Publié en mai 2018 aux éditions Scrineo et en poche Pocket depuis mars 2020, Rouille de Floriane Soulas est présenté comme un roman steampunk, genre qui réinvente peu ou prou la Belle époque en y insérant, en l’occurrence, des éléments de science-fiction. Le livre a connu un certain succès, marqué notamment par un « coup de cœur des Imaginales » et l’attribution du Prix Imaginales des lycéens pour l’année 2019… et le lecteur curieux pourra écouter l’autrice présenter le roman avec ses propres mots dans cette vidéo. On pourra également découvrir sa chaîne youtube, où elle expose ses expériences de lecture et d’écriture, ou encore la contacter par le biais des différents réseau sociaux.
C’est d’ailleurs d’abord sur twitter que Floriane Soulas a eu l’amabilité d’écrire quelques phrases chaleureuses au sujet de mes écrits, ce qui nous a amenés à discuter et de fil en aiguille à échanger quelques verres (de thé) pour refaire la vie, l’univers et le reste.
Tout cela pour signaler qu’il ne faut s’attendre à aucune objectivité de ma part dans le propos qui suit, et qui contiendra quelques menus divulgâchis.
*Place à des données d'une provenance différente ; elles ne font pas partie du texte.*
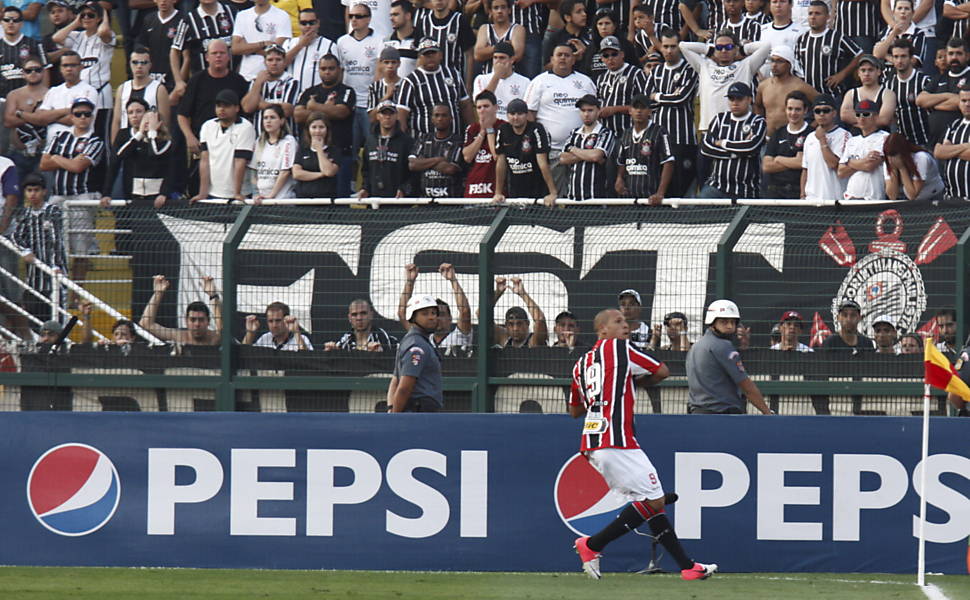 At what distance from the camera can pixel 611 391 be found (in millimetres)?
9367

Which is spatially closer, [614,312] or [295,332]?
[614,312]

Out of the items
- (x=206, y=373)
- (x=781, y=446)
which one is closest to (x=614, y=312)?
(x=781, y=446)

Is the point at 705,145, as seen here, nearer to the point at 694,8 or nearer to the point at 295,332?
the point at 694,8

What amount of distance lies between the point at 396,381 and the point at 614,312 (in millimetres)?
1870

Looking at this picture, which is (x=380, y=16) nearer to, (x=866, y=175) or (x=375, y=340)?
(x=866, y=175)

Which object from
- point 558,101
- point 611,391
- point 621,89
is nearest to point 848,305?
point 611,391

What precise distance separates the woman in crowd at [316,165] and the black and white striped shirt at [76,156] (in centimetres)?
246

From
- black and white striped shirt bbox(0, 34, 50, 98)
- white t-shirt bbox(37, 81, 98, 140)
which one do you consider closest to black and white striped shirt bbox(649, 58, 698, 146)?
white t-shirt bbox(37, 81, 98, 140)

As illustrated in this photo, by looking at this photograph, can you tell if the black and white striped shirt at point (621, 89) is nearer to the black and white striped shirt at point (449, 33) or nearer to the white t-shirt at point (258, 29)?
the black and white striped shirt at point (449, 33)

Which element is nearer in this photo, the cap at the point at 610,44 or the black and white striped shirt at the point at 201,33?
the cap at the point at 610,44

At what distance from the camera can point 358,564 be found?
33.9 ft

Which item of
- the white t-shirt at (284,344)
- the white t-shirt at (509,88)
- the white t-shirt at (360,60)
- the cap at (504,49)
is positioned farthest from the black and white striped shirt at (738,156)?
the white t-shirt at (284,344)

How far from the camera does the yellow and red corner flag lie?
9242 mm

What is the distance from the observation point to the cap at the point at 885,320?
36.7ft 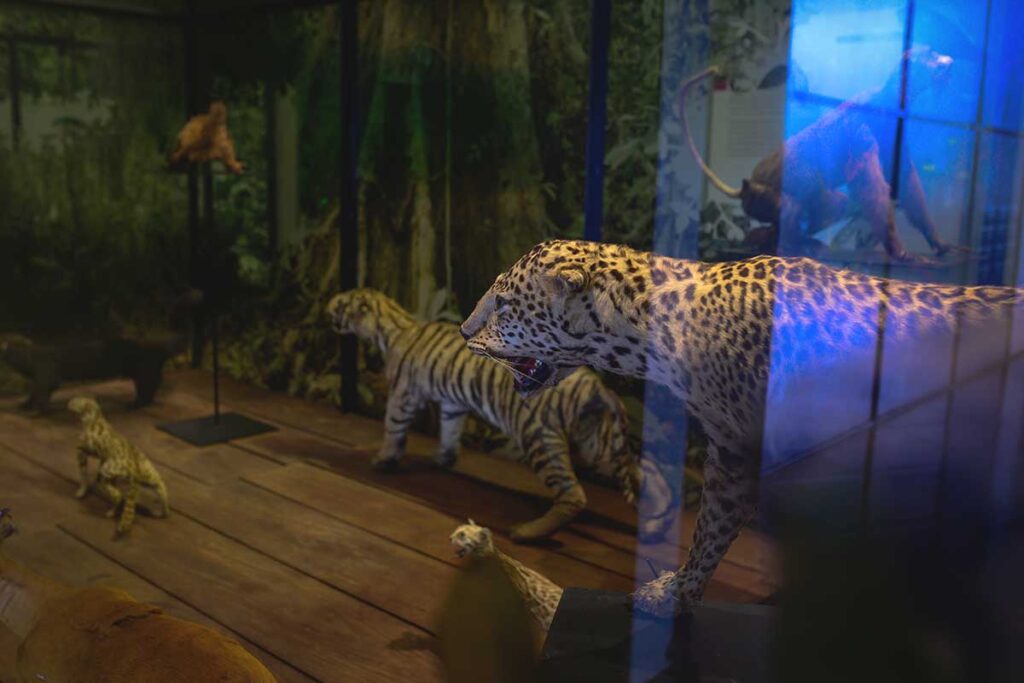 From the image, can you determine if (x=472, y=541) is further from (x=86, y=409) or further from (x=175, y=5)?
(x=175, y=5)

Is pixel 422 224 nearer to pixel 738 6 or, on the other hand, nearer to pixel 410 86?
pixel 410 86

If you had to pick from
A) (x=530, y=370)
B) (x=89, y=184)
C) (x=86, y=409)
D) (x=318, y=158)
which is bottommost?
(x=86, y=409)

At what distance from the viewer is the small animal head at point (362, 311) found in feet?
9.61

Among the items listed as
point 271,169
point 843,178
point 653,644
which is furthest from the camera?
point 271,169

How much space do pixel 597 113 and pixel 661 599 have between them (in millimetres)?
1395

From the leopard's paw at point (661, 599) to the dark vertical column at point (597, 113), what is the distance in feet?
3.70

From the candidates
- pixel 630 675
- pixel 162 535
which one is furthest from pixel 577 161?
pixel 630 675

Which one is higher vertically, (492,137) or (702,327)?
(492,137)

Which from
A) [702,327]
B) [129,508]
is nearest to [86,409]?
[129,508]

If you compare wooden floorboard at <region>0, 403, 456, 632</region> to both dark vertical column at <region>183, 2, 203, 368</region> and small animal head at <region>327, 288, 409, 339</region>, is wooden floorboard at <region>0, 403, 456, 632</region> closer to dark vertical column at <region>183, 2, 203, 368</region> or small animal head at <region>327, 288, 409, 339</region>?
small animal head at <region>327, 288, 409, 339</region>

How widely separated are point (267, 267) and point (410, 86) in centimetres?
112

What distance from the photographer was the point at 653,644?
44.3 inches

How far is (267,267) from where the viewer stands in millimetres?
3641

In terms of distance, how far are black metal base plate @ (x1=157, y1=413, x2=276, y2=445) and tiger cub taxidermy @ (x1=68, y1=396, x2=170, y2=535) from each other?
0.46 m
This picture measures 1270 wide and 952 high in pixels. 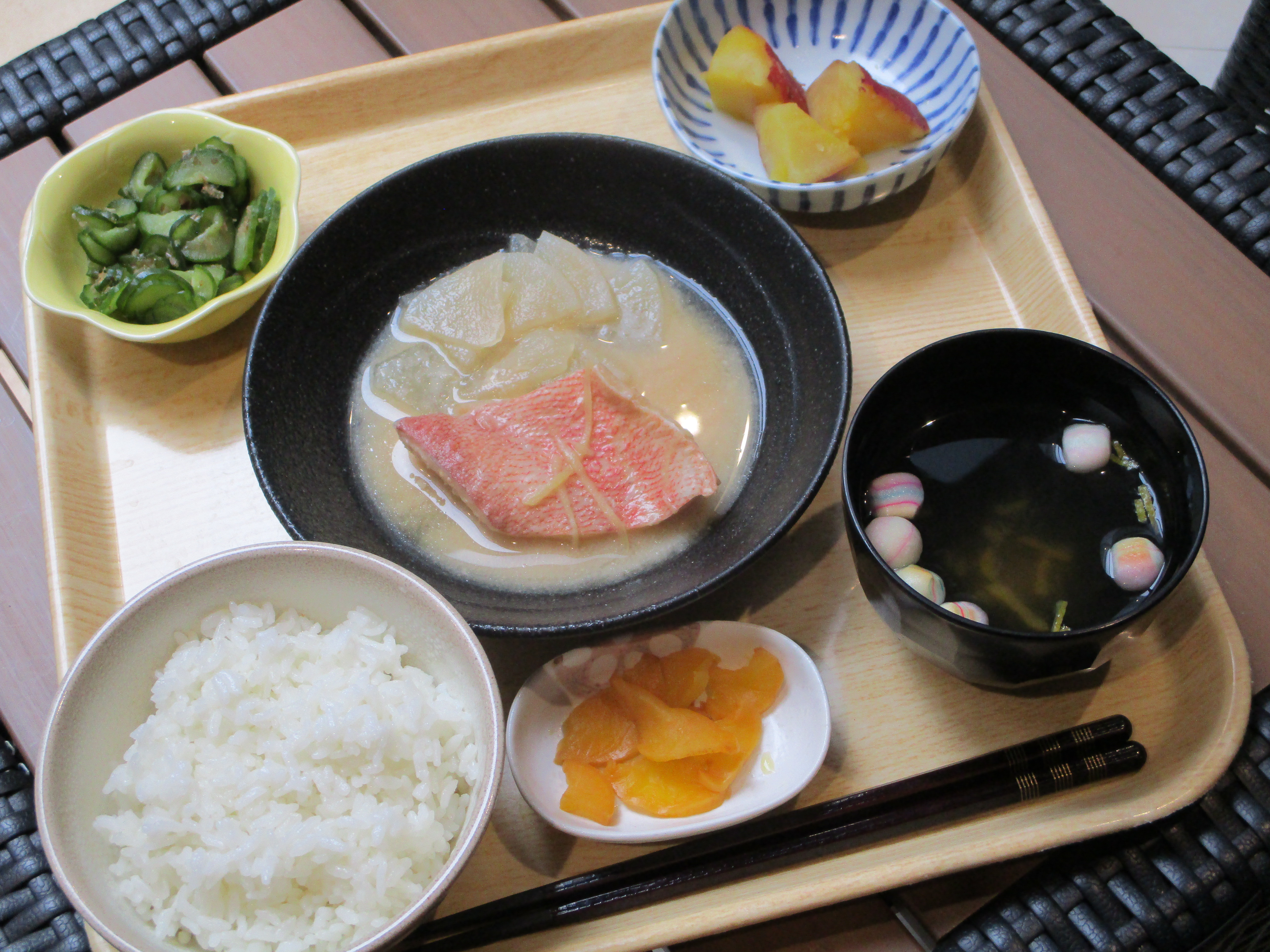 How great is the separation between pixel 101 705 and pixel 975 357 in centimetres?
122

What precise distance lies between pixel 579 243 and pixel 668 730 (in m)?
0.89

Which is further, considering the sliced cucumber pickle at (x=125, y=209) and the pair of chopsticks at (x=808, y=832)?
the sliced cucumber pickle at (x=125, y=209)

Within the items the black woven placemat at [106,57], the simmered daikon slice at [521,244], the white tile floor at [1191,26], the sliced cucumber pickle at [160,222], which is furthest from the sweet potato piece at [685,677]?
the white tile floor at [1191,26]

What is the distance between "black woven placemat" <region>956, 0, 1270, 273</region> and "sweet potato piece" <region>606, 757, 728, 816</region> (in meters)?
1.25

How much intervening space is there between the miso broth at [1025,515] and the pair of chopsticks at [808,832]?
18 centimetres

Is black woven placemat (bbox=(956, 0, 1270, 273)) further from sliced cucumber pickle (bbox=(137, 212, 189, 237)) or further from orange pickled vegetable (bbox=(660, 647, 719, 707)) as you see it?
sliced cucumber pickle (bbox=(137, 212, 189, 237))

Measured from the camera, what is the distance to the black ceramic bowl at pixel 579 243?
1.36 meters

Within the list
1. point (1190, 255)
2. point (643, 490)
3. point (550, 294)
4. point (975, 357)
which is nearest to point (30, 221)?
point (550, 294)

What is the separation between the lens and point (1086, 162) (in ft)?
5.95

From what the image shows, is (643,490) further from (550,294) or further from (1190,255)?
(1190,255)

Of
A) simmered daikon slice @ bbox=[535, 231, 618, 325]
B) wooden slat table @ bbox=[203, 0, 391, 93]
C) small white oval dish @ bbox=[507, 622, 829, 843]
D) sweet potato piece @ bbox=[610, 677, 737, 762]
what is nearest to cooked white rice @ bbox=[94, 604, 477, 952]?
small white oval dish @ bbox=[507, 622, 829, 843]

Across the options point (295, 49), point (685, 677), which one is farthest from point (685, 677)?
point (295, 49)

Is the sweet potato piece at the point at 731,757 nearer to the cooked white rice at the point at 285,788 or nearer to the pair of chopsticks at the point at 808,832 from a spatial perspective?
the pair of chopsticks at the point at 808,832

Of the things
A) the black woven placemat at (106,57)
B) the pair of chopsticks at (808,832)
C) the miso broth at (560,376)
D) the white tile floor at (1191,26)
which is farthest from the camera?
the white tile floor at (1191,26) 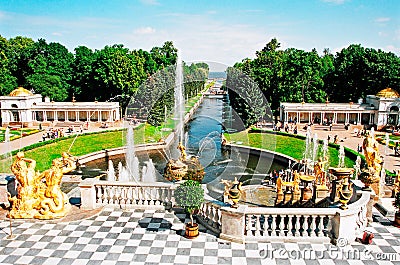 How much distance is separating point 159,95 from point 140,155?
17880mm

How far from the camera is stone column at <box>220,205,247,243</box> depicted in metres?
11.5

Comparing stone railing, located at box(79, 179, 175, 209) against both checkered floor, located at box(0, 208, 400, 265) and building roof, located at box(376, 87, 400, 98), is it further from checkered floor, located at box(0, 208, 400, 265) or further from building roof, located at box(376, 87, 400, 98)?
building roof, located at box(376, 87, 400, 98)

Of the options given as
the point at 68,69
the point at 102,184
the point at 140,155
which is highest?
the point at 68,69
Le roman steampunk contre la tentation de l’immobilisme
Résumé de l’éditeur
Paris, 1897.
De nouveaux matériaux découverts sur la Lune ont permis des avancées scientifiques extraordinaires. Mais tout le monde n’en profite pas ! En dehors du Dôme qui protège le centre urbain riche et sophistiqué, le petit peuple survit tant bien que mal. C’est dans une maison close sur l’un des faubourgs malfamés qu’a échoué Violante, prostituée sans mémoire. Alors qu’elle se démène pour trouver son identité dans un monde dominé par les hommes et les puissantes, sa meilleure amie disparaît dans d’atroces circonstances. Contre la raison, la jeune femme décide de prendre part aux investigations…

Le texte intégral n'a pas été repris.